Every line of the listing is returned unchanged, and every picture is dropped.

+ + + +

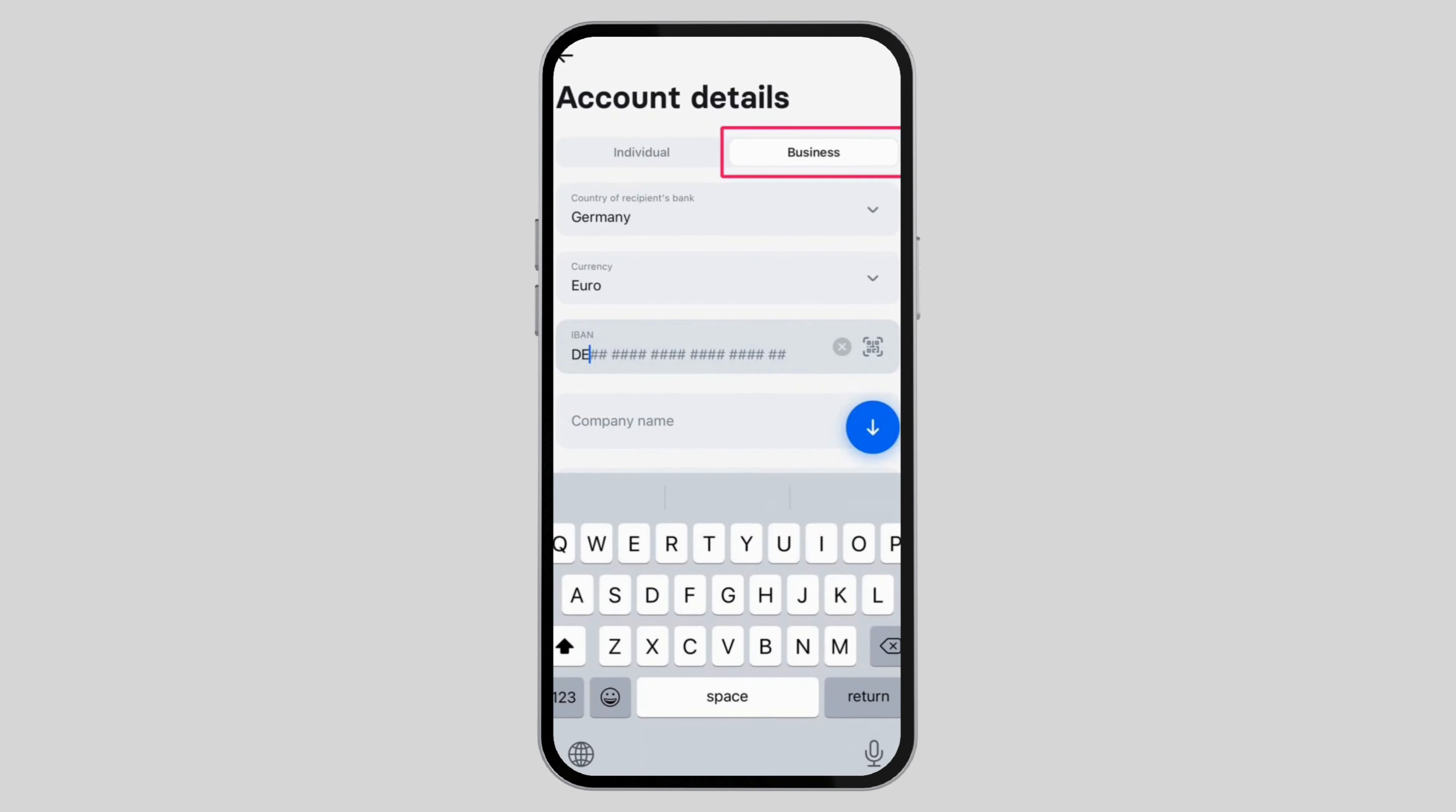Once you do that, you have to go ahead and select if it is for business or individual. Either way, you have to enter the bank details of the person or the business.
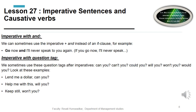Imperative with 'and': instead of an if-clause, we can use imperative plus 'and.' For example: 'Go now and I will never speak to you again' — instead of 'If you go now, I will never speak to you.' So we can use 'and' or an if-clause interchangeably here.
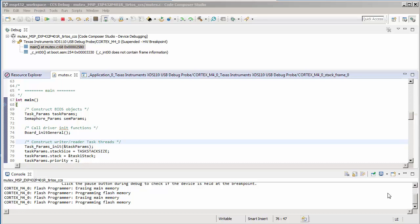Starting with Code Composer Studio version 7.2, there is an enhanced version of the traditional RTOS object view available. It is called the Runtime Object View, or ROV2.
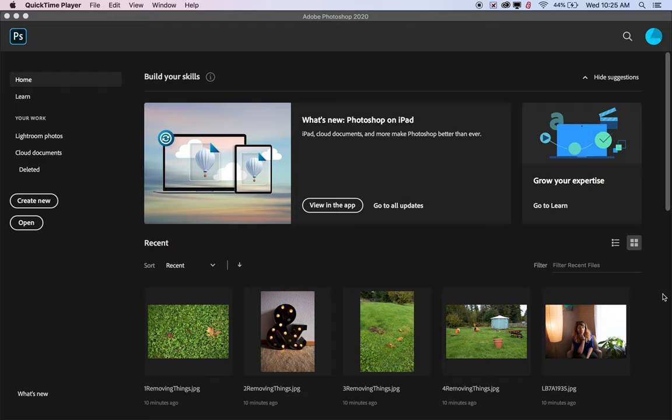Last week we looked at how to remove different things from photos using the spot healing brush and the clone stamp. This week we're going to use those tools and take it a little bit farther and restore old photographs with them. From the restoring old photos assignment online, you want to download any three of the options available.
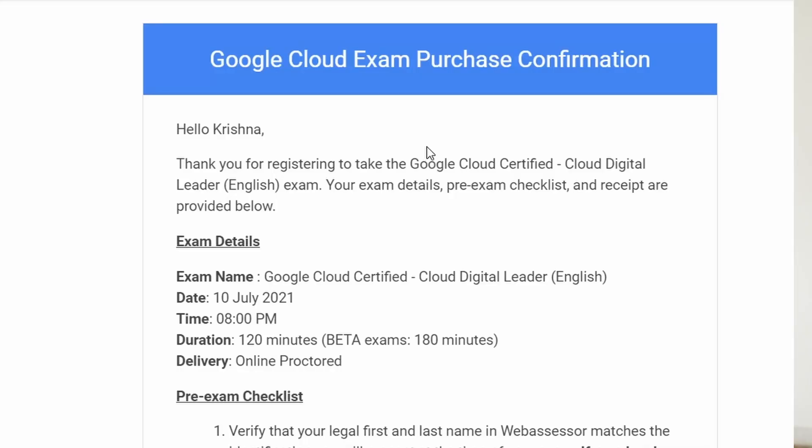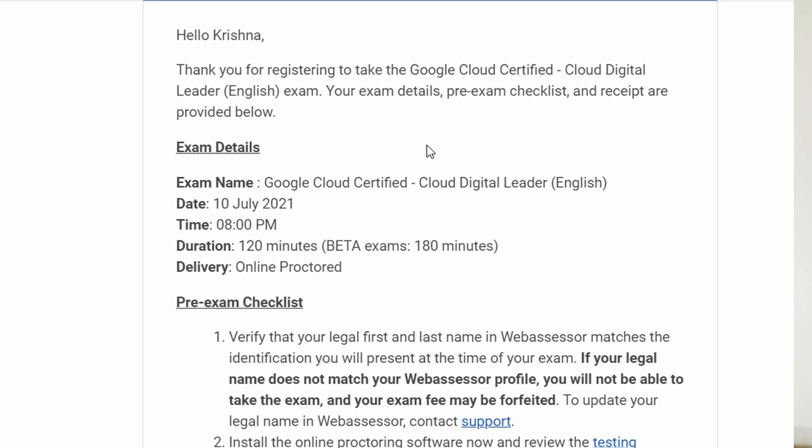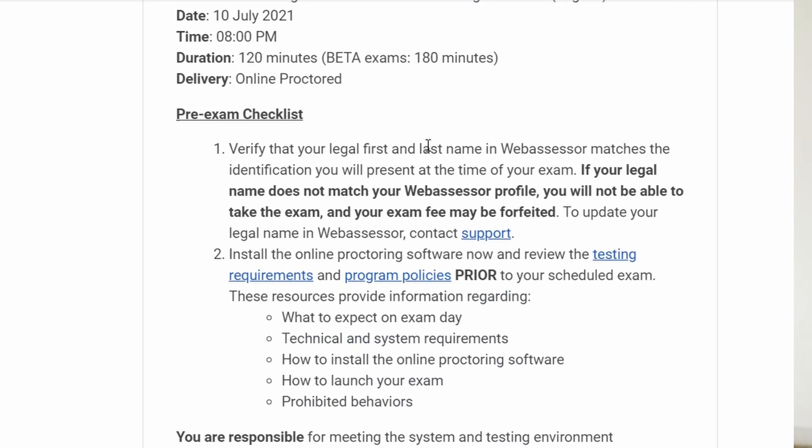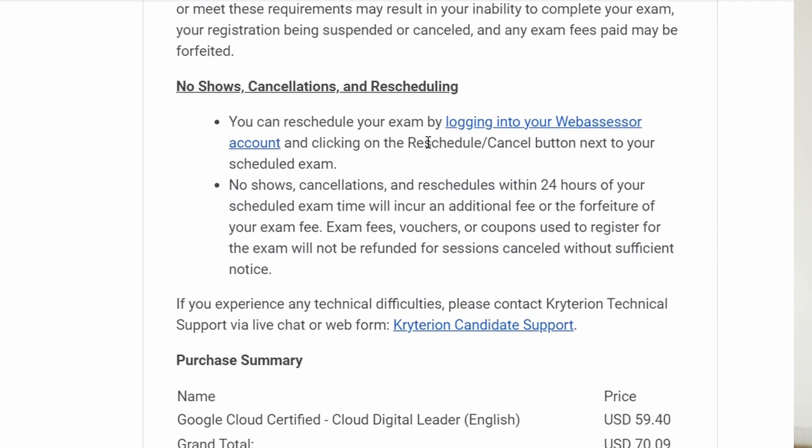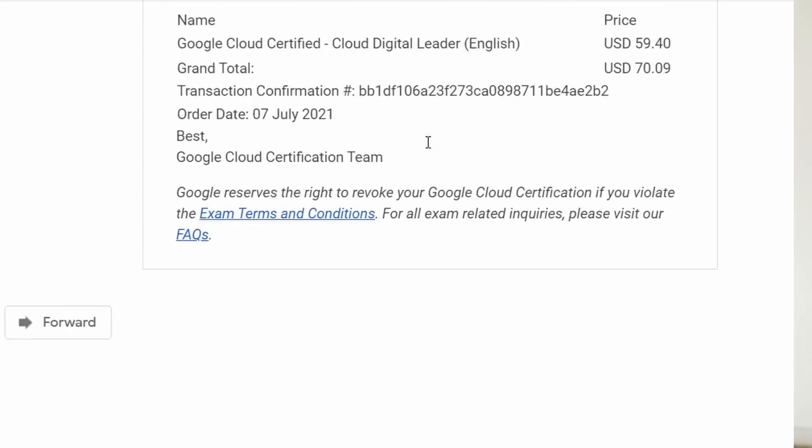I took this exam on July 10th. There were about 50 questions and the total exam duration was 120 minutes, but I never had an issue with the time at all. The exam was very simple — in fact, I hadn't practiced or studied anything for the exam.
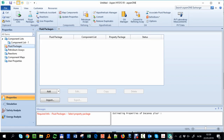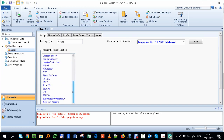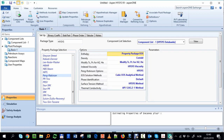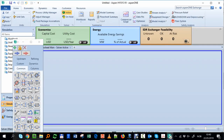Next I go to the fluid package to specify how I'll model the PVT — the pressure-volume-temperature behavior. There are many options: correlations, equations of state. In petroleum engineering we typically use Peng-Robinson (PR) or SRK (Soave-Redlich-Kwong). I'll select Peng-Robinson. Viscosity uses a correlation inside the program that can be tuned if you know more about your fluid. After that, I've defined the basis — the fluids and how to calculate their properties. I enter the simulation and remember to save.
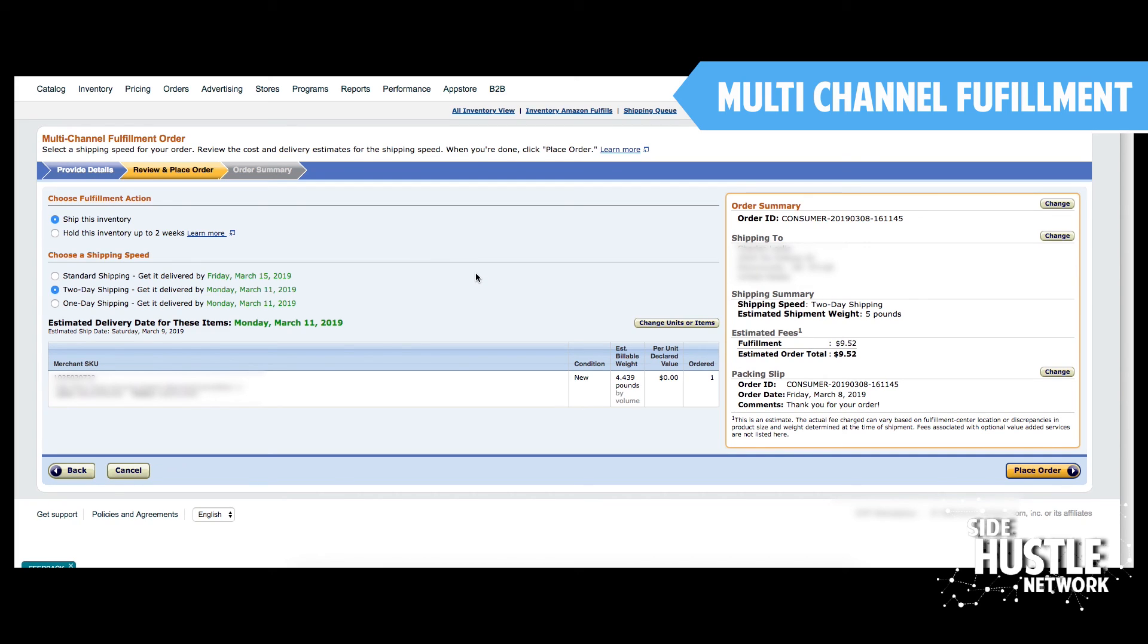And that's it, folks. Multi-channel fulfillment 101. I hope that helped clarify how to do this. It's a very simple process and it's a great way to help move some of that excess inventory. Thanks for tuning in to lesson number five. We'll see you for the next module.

+ + + +

● REPLY TO THE EXERCISE
Once you do that, you have to go ahead and select if it is for business or individual. Either way, you have to enter the bank details of the person or the business.
Imperative with 'and': instead of an if-clause, we can use imperative plus 'and.' For example: 'Go now and I will never speak to you again' — instead of 'If you go now, I will never speak to you.' So we can use 'and' or an if-clause interchangeably here.
Starting with Code Composer Studio version 7.2, there is an enhanced version of the traditional RTOS object view available. It is called the Runtime Object View, or ROV2.
Last week we looked at how to remove different things from photos using the spot healing brush and the clone stamp. This week we're going to use those tools and take it a little bit farther and restore old photographs with them. From the restoring old photos assignment online, you want to download any three of the options available.
I took this exam on July 10th. There were about 50 questions and the total exam duration was 120 minutes, but I never had an issue with the time at all. The exam was very simple — in fact, I hadn't practiced or studied anything for the exam.
Next I go to the fluid package to specify how I'll model the PVT — the pressure-volume-temperature behavior. There are many options: correlations, equations of state. In petroleum engineering we typically use Peng-Robinson (PR) or SRK (Soave-Redlich-Kwong). I'll select Peng-Robinson. Viscosity uses a correlation inside the program that can be tuned if you know more about your fluid. After that, I've defined the basis — the fluids and how to calculate their properties. I enter the simulation and remember to save.
And that's it, folks. Multi-channel fulfillment 101. I hope that helped clarify how to do this. It's a very simple process and it's a great way to help move some of that excess inventory. Thanks for tuning in to lesson number five. We'll see you for the next module.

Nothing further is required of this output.